I couldn't stress how important Wikidata (and its predecessor DBpedia) is as a public example of a huge knowledge graph (versus the ones hidden at big tech companies) but also as a Wikipedia-like collaborative project to organise all the knowledge among existing semantic web / linked data publishers, government open data, libraries, galleries, archives...

Also remember that Wikidata is open source and you can fire up your own knowledge graph as docker containers on your laptop: https://wikiba.se/

If you have been disappointed by RDF-based technologies before, I would say Wikidata/Wikibase have significantly innovated on top of them.
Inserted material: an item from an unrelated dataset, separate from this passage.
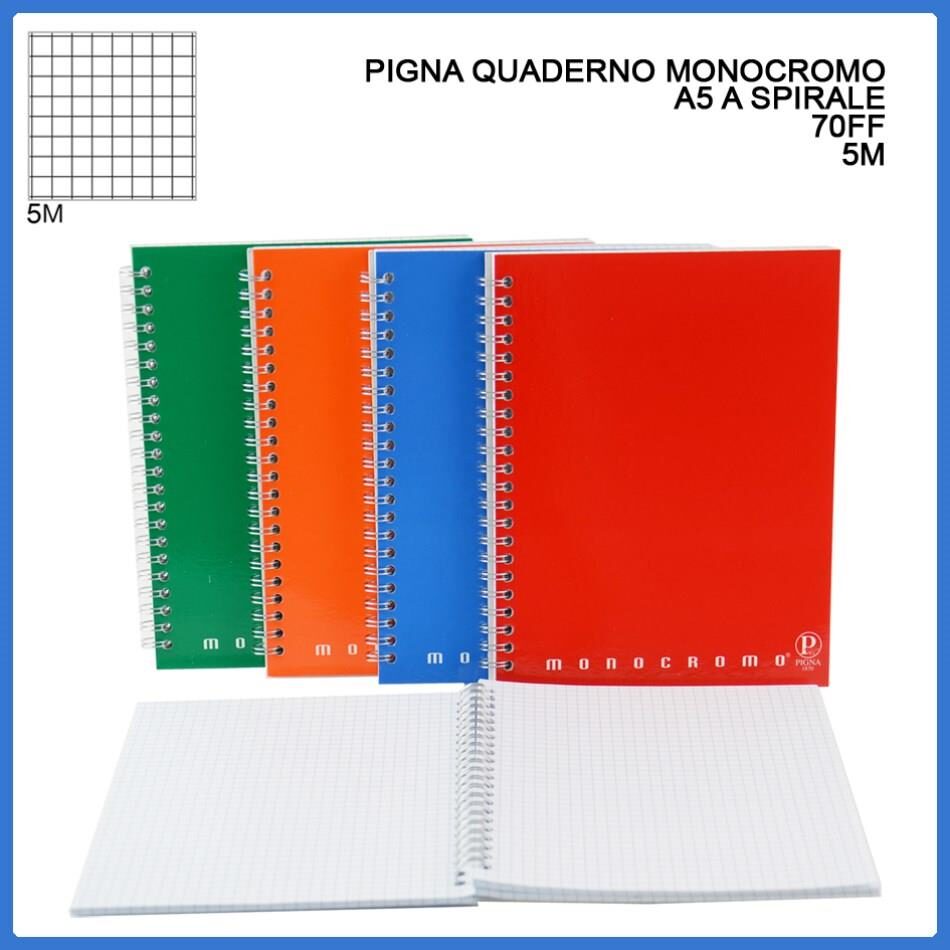 29048 8005235434264 INUFMAX003 - 0215559-5M QUADERNO A5 SPIR-VAR.5M MONOCROMO QUADRETTI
For example, they allow each statement to have qualifiers, references, depreciation/preferredness attached to them in a user-friendly way while also keeping simple queries simple.


What is RDF?


I think it stands for _resource description framework_, https://en.wikipedia.org/wiki/Resource_Description_Framework


Knowledge graphs for text (the focus of the article) seem narrowly-scoped since they require "objective" facts and relations to be practical. Capturing the subjective and transient perspective of observations made by multiple observers (which is what we actually have access to) is more complicated.

For example, asking the same person the same question may yield different answers based on their mood or other environmental or situational factors. Who's asking the question can also matter, as does the specific phrasing of the question.


Recent work suggests it's possible to generate knowledge graphs from large corpi of text encoded with a language model: https://arxiv.org/abs/2010.11967


Similar work (I'm the first author): generating temporal graphs from text using language models https://arxiv.org/pdf/2010.10077.pdf.


Cool! I'm an incoming undergrad transfer to CMU this fall interested in graph-based NLP. Mind if I email you in the next couple days?


Sure :)


I wouldn't recommend using this work to generate knowledge graphs, as it requires a lot of rule based filtering. I suspect it wouldn't be any better than generating from a constituency parse tree. Disclaimer, I implemented this work a while ago and reach my current conclusion, still waiting for the official code to release.


You could use knowledge graphs to help solve those problems too. Objective fact is just a seemingly simpler domain to work in. Subjectivity is still based on objective facts, it's just a whole lot more of them that are subtler and harder to detect.


I wish all of you not to fall in the trap of ontologies. I worked very hard in this domain my conclusion is that all ontologies fail to scale eventually. I would recommend people in the field to go towards "perspectivism".


Is this[1] an example of ontological perspectivism? Can you point us at a good place to start?

[1]: https://link.springer.com/article/10.1007/s11406-021-00371-1


great start - I have presented this point of view myself.. no clue what "perspectivism" means really, though


I'm not understanding what you mean. The latter portion of your comment seems to disagree with the former.



Seconding the wisdom shared by u/julienreszka and you.

Stuff like schemas and data dictionaries and reuse are chinese finger traps for us geeks. Exquisite problems we can't look away from.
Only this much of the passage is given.